"Dersim"in devamı / Sadi SOMUNCUOĞLU

"Dersim"in devamı / Sadi SOMUNCUOĞLU

İletigönderen Başkomutan » Cmt Ara 03, 2011 7:51


"Dersim"in devamı

CHP Tunceli Milletvekili Hüseyin Aygün; “Dersim katliamının sorumlusu devlet ve o dönemin CHP iktidarıdır... Öcalan’la yapılan görüşmeler çok değerlidir ve bu sürecin yeniden başlaması gerekir...Ergenekon diye bir gizli örgütün olduğunu biliyorum” diyor.
(Zaman 17.11.2011)

Aşka gelen Başbakan da, “devlet adına özür” dilemez mi.. Sanki elinde bir hüccet var, sanki devlet kendisi. İyi ama “yetmeeez, ana dil, baba dil, özerklik” gerek denildi.

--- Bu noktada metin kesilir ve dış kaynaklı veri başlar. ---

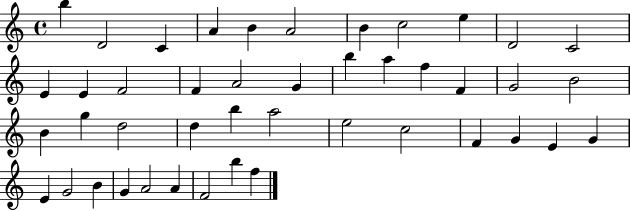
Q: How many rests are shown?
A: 0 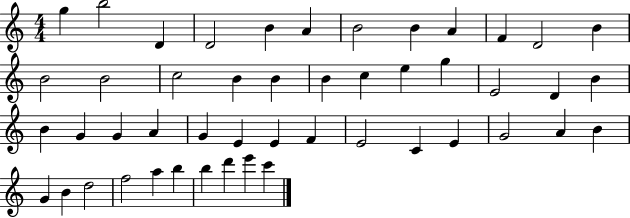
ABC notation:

X:1
T:Untitled
M:4/4
L:1/4
K:C
g b2 D D2 B A B2 B A F D2 B B2 B2 c2 B B B c e g E2 D B B G G A G E E F E2 C E G2 A B G B d2 f2 a b b d' e' c' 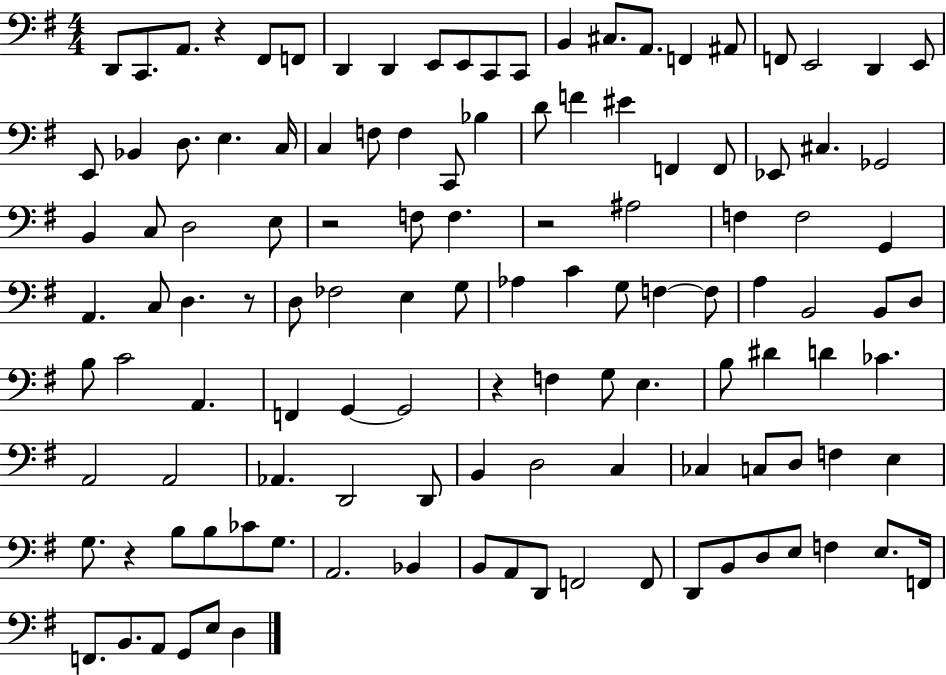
X:1
T:Untitled
M:4/4
L:1/4
K:G
D,,/2 C,,/2 A,,/2 z ^F,,/2 F,,/2 D,, D,, E,,/2 E,,/2 C,,/2 C,,/2 B,, ^C,/2 A,,/2 F,, ^A,,/2 F,,/2 E,,2 D,, E,,/2 E,,/2 _B,, D,/2 E, C,/4 C, F,/2 F, C,,/2 _B, D/2 F ^E F,, F,,/2 _E,,/2 ^C, _G,,2 B,, C,/2 D,2 E,/2 z2 F,/2 F, z2 ^A,2 F, F,2 G,, A,, C,/2 D, z/2 D,/2 _F,2 E, G,/2 _A, C G,/2 F, F,/2 A, B,,2 B,,/2 D,/2 B,/2 C2 A,, F,, G,, G,,2 z F, G,/2 E, B,/2 ^D D _C A,,2 A,,2 _A,, D,,2 D,,/2 B,, D,2 C, _C, C,/2 D,/2 F, E, G,/2 z B,/2 B,/2 _C/2 G,/2 A,,2 _B,, B,,/2 A,,/2 D,,/2 F,,2 F,,/2 D,,/2 B,,/2 D,/2 E,/2 F, E,/2 F,,/4 F,,/2 B,,/2 A,,/2 G,,/2 E,/2 D, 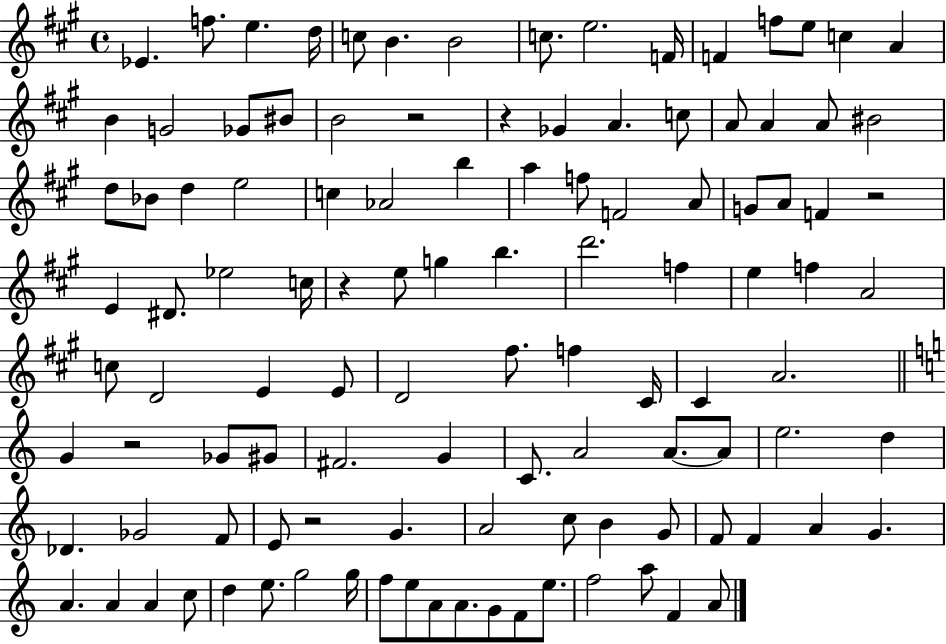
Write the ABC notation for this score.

X:1
T:Untitled
M:4/4
L:1/4
K:A
_E f/2 e d/4 c/2 B B2 c/2 e2 F/4 F f/2 e/2 c A B G2 _G/2 ^B/2 B2 z2 z _G A c/2 A/2 A A/2 ^B2 d/2 _B/2 d e2 c _A2 b a f/2 F2 A/2 G/2 A/2 F z2 E ^D/2 _e2 c/4 z e/2 g b d'2 f e f A2 c/2 D2 E E/2 D2 ^f/2 f ^C/4 ^C A2 G z2 _G/2 ^G/2 ^F2 G C/2 A2 A/2 A/2 e2 d _D _G2 F/2 E/2 z2 G A2 c/2 B G/2 F/2 F A G A A A c/2 d e/2 g2 g/4 f/2 e/2 A/2 A/2 G/2 F/2 e/2 f2 a/2 F A/2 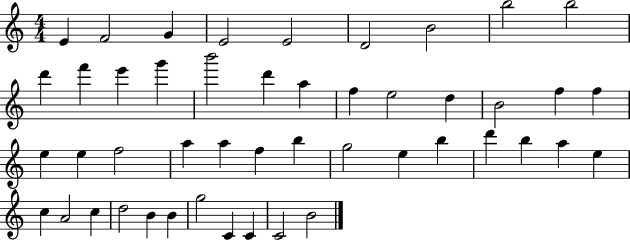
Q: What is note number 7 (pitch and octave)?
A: B4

İşin şifresi de bu “yetmeeez” de...

Bir de ortada şu “masum” (!) tavsiyeler var:

Dersim’i enine boyuna tartışalım, arşivleri açalım, gerçekler ortaya çıksın. Katliam/soykırım yapılmıştır. Bundan devlet sorumludur.
Özür dilenmeli, gereği yapılmalı...

Hem “katliam/soykırım” yapıldı diyeceksiniz, hem de “tartışmaktan, arşivleri açmaktan, gerçeklerin ortaya çıkmasından” söz edeceksiniz? Şu cinliğe bakınız; ferman benden, katliam/soykırım’ı onaylamak sizden. Sonra da sıra, 74 yıl öncesinin acısından yeni bir kardeş kavgası çıkarmaya gelecek. Hesap böyle.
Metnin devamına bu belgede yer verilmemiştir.